[Scraped caption text data]
==========

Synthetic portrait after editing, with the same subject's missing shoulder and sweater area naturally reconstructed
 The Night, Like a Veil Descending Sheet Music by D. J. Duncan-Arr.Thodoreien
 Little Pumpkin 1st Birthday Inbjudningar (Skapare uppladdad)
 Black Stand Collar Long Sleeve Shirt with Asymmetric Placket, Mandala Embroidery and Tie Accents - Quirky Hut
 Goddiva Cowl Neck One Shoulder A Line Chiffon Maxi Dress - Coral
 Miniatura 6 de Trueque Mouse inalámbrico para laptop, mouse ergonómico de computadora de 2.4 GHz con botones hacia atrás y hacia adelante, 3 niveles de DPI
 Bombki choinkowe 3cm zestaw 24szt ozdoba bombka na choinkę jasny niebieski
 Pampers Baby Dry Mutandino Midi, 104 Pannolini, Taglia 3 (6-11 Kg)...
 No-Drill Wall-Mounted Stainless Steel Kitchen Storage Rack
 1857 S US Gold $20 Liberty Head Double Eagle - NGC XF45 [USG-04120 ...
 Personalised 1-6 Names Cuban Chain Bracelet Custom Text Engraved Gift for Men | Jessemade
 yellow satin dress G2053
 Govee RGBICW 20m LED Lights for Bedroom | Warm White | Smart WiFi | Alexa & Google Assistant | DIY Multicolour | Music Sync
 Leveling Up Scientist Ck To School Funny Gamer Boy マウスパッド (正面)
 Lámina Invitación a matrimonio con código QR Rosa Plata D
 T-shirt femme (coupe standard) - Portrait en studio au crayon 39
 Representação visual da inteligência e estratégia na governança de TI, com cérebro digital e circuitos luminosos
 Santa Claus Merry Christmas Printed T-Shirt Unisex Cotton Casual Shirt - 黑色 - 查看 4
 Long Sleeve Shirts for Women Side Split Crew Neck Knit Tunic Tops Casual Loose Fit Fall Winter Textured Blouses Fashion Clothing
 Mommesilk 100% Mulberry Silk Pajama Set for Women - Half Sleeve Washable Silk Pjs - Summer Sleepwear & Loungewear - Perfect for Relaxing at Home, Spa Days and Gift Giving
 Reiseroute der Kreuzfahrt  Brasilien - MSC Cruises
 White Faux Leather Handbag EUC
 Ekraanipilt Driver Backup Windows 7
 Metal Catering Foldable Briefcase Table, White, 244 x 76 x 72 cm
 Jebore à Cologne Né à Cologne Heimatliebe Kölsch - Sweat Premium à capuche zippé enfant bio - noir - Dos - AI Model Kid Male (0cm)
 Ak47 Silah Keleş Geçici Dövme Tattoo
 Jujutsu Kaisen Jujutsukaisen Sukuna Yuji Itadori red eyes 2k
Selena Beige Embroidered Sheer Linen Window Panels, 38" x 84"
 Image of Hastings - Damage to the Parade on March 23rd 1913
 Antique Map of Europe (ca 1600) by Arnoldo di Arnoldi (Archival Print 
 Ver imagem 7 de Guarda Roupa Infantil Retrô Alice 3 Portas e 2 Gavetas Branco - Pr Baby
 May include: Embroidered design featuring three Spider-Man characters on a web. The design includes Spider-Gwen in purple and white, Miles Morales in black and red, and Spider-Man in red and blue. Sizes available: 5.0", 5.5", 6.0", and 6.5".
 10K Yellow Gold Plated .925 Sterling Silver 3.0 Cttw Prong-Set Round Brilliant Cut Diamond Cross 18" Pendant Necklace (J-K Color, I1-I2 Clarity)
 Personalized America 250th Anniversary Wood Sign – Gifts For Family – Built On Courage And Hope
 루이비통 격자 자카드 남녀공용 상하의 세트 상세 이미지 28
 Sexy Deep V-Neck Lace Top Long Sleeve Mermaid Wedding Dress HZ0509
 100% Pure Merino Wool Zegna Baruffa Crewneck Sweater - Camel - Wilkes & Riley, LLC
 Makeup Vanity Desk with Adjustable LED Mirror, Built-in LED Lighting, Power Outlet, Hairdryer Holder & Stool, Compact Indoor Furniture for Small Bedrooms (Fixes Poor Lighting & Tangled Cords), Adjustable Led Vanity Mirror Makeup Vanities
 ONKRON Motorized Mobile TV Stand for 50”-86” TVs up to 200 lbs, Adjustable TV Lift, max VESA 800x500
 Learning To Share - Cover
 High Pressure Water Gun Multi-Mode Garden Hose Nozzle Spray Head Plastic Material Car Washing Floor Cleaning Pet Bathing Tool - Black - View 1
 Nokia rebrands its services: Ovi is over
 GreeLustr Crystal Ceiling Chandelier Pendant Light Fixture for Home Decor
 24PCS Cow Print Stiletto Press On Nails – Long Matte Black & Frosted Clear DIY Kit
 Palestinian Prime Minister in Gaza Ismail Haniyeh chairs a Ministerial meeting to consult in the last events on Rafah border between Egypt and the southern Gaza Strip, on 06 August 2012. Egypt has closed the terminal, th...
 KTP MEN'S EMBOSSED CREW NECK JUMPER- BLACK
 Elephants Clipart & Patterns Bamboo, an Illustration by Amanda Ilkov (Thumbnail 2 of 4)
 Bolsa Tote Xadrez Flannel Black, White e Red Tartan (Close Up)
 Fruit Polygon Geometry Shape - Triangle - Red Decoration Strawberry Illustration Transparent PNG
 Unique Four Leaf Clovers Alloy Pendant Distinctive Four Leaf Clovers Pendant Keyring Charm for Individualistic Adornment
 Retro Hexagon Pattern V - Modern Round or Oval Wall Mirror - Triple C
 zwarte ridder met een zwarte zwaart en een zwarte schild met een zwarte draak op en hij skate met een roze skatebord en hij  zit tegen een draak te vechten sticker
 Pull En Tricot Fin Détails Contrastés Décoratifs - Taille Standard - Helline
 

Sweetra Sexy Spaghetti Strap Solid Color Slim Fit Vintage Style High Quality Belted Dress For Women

==========

**Problem to solve:** From the first line to the last, reproduce the data above exactly.

**Task response:**
Synthetic portrait after editing, with the same subject's missing shoulder and sweater area naturally reconstructed
 The Night, Like a Veil Descending Sheet Music by D. J. Duncan-Arr.Thodoreien
 Little Pumpkin 1st Birthday Inbjudningar (Skapare uppladdad)
 Black Stand Collar Long Sleeve Shirt with Asymmetric Placket, Mandala Embroidery and Tie Accents - Quirky Hut
 Goddiva Cowl Neck One Shoulder A Line Chiffon Maxi Dress - Coral
 Miniatura 6 de Trueque Mouse inalámbrico para laptop, mouse ergonómico de computadora de 2.4 GHz con botones hacia atrás y hacia adelante, 3 niveles de DPI
 Bombki choinkowe 3cm zestaw 24szt ozdoba bombka na choinkę jasny niebieski
 Pampers Baby Dry Mutandino Midi, 104 Pannolini, Taglia 3 (6-11 Kg)...
 No-Drill Wall-Mounted Stainless Steel Kitchen Storage Rack
 1857 S US Gold $20 Liberty Head Double Eagle - NGC XF45 [USG-04120 ...
 Personalised 1-6 Names Cuban Chain Bracelet Custom Text Engraved Gift for Men | Jessemade
 yellow satin dress G2053
 Govee RGBICW 20m LED Lights for Bedroom | Warm White | Smart WiFi | Alexa & Google Assistant | DIY Multicolour | Music Sync
 Leveling Up Scientist Ck To School Funny Gamer Boy マウスパッド (正面)
 Lámina Invitación a matrimonio con código QR Rosa Plata D
 T-shirt femme (coupe standard) - Portrait en studio au crayon 39
 Representação visual da inteligência e estratégia na governança de TI, com cérebro digital e circuitos luminosos
 Santa Claus Merry Christmas Printed T-Shirt Unisex Cotton Casual Shirt - 黑色 - 查看 4
 Long Sleeve Shirts for Women Side Split Crew Neck Knit Tunic Tops Casual Loose Fit Fall Winter Textured Blouses Fashion Clothing
 Mommesilk 100% Mulberry Silk Pajama Set for Women - Half Sleeve Washable Silk Pjs - Summer Sleepwear & Loungewear - Perfect for Relaxing at Home, Spa Days and Gift Giving
 Reiseroute der Kreuzfahrt  Brasilien - MSC Cruises
 White Faux Leather Handbag EUC
 Ekraanipilt Driver Backup Windows 7
 Metal Catering Foldable Briefcase Table, White, 244 x 76 x 72 cm
 Jebore à Cologne Né à Cologne Heimatliebe Kölsch - Sweat Premium à capuche zippé enfant bio - noir - Dos - AI Model Kid Male (0cm)
 Ak47 Silah Keleş Geçici Dövme Tattoo
 Jujutsu Kaisen Jujutsukaisen Sukuna Yuji Itadori red eyes 2k
Selena Beige Embroidered Sheer Linen Window Panels, 38" x 84"
 Image of Hastings - Damage to the Parade on March 23rd 1913
 Antique Map of Europe (ca 1600) by Arnoldo di Arnoldi (Archival Print 
 Ver imagem 7 de Guarda Roupa Infantil Retrô Alice 3 Portas e 2 Gavetas Branco - Pr Baby
 May include: Embroidered design featuring three Spider-Man characters on a web. The design includes Spider-Gwen in purple and white, Miles Morales in black and red, and Spider-Man in red and blue. Sizes available: 5.0", 5.5", 6.0", and 6.5".
 10K Yellow Gold Plated .925 Sterling Silver 3.0 Cttw Prong-Set Round Brilliant Cut Diamond Cross 18" Pendant Necklace (J-K Color, I1-I2 Clarity)
 Personalized America 250th Anniversary Wood Sign – Gifts For Family – Built On Courage And Hope
 루이비통 격자 자카드 남녀공용 상하의 세트 상세 이미지 28
 Sexy Deep V-Neck Lace Top Long Sleeve Mermaid Wedding Dress HZ0509
 100% Pure Merino Wool Zegna Baruffa Crewneck Sweater - Camel - Wilkes & Riley, LLC
 Makeup Vanity Desk with Adjustable LED Mirror, Built-in LED Lighting, Power Outlet, Hairdryer Holder & Stool, Compact Indoor Furniture for Small Bedrooms (Fixes Poor Lighting & Tangled Cords), Adjustable Led Vanity Mirror Makeup Vanities
 ONKRON Motorized Mobile TV Stand for 50”-86” TVs up to 200 lbs, Adjustable TV Lift, max VESA 800x500
 Learning To Share - Cover
 High Pressure Water Gun Multi-Mode Garden Hose Nozzle Spray Head Plastic Material Car Washing Floor Cleaning Pet Bathing Tool - Black - View 1
 Nokia rebrands its services: Ovi is over
 GreeLustr Crystal Ceiling Chandelier Pendant Light Fixture for Home Decor
 24PCS Cow Print Stiletto Press On Nails – Long Matte Black & Frosted Clear DIY Kit
 Palestinian Prime Minister in Gaza Ismail Haniyeh chairs a Ministerial meeting to consult in the last events on Rafah border between Egypt and the southern Gaza Strip, on 06 August 2012. Egypt has closed the terminal, th...
 KTP MEN'S EMBOSSED CREW NECK JUMPER- BLACK
 Elephants Clipart & Patterns Bamboo, an Illustration by Amanda Ilkov (Thumbnail 2 of 4)
 Bolsa Tote Xadrez Flannel Black, White e Red Tartan (Close Up)
 Fruit Polygon Geometry Shape - Triangle - Red Decoration Strawberry Illustration Transparent PNG
 Unique Four Leaf Clovers Alloy Pendant Distinctive Four Leaf Clovers Pendant Keyring Charm for Individualistic Adornment
 Retro Hexagon Pattern V - Modern Round or Oval Wall Mirror - Triple C
 zwarte ridder met een zwarte zwaart en een zwarte schild met een zwarte draak op en hij skate met een roze skatebord en hij  zit tegen een draak te vechten sticker
 Pull En Tricot Fin Détails Contrastés Décoratifs - Taille Standard - Helline
 

Sweetra Sexy Spaghetti Strap Solid Color Slim Fit Vintage Style High Quality Belted Dress For Women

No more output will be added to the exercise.